Saturday, March 12, 2011

$spx upside target roadmap

initial short term upside target 1360,
then a series of swing of down and up toward 1396 ...
then another series of swing down and up to 1405,
then another series of swing down and up toward target $spx 1425.
then evaluate from there.

the main catalyst is all major indexes are currently staying above the Super Cycle Trend Line which originated from Y1938, that's the main and most important technical changed my overall stock market view (not fundamental view, fundamental still bad).
the past view of P2 counter trend rally against the 2008 financial storm was terminated after the SCTL was crossed.

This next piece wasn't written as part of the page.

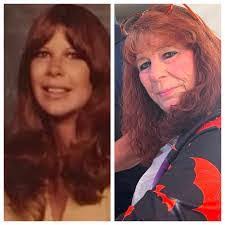 Carol Mcnees's Instagram, Twitter & Facebook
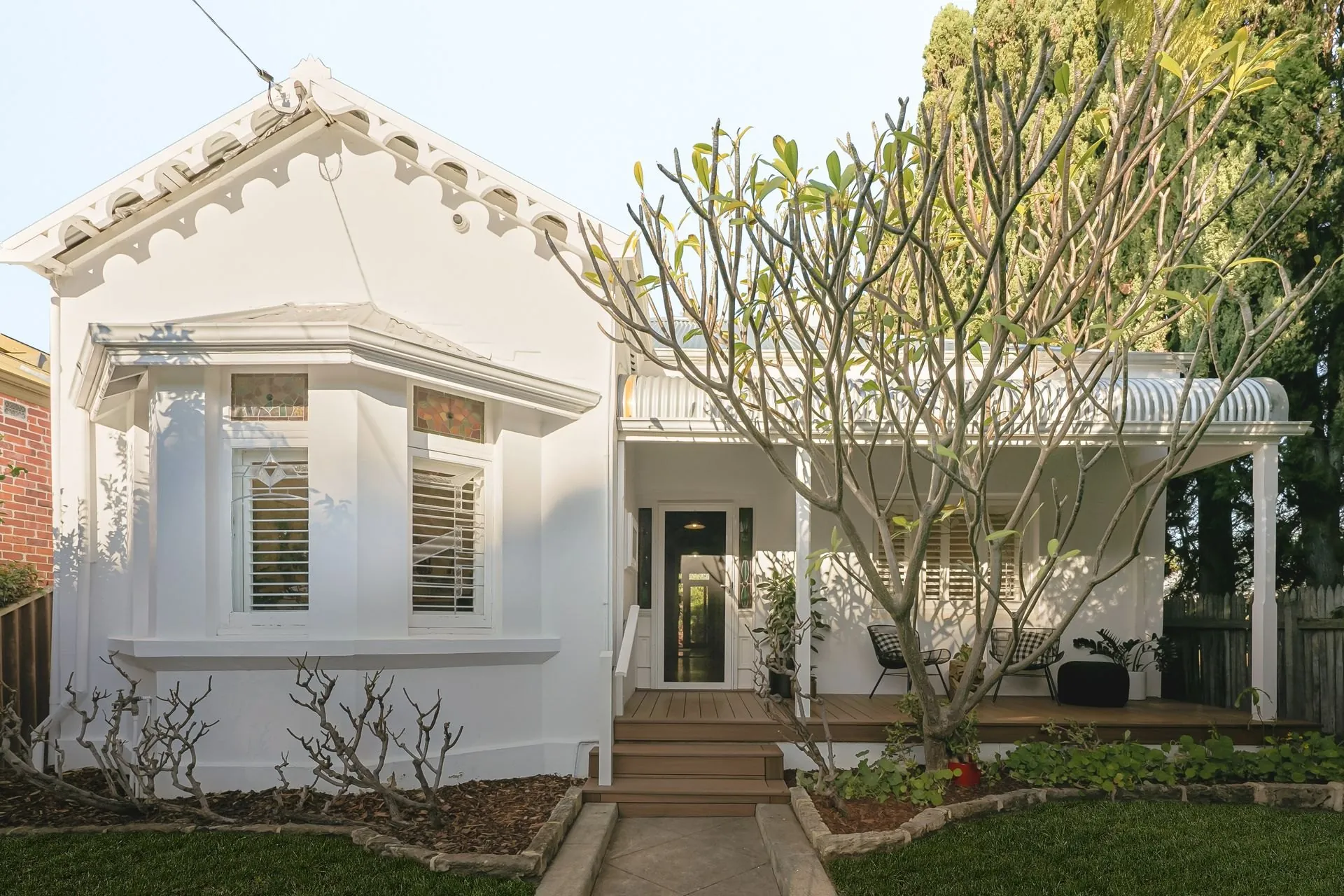 Timeless elegance, city convenience, 116 Palmerston St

the main view: the counter trend rally has turned into the deadly bubble formation since the bears' line in the sand of the SCTL has crossed.
when this bubble formation ends, it will end very badly, deadly, and quickly.
why wasting resources to fight the deadly bubble formation. the bubble will be bursted eventually (probably won't be too far in time) and ends very badly. but fighting it prematurely is costly.
the bubble characteristics are all there as identified by humble t/a, for one, $RUT is a huge bubble (+140% from the 3/2009 bottom). but why it so stubbonly won't end and so closely near the historical high? apparently, it's a bubble formation, not a counter trend rally.

Some indexes will never recover, but some will make new historical high.
Nasdaq bubble bursted during Y2000 ~ 2003, only recovered 1/3 even when $spx and $indu made new historical high in 2007.
here is the bubble formation for $rut to make new historical high while Nasdaq and financials can not even get close to 50% recover. the task for $rut to get to new high is not that difficult because it's so near now. no reason this huge $rut bubble formation can not be completed with a new historical high, otherwise $rut is not qualified as a huge bubble.

it's trader's heaven on trading both long an short.

if Nikkei can rally under this situation, what will happen to U.S.?
Taiwan did rally 43% from the worst earthquake in history! can Japan?
humbly, there is nothing impossible in this world.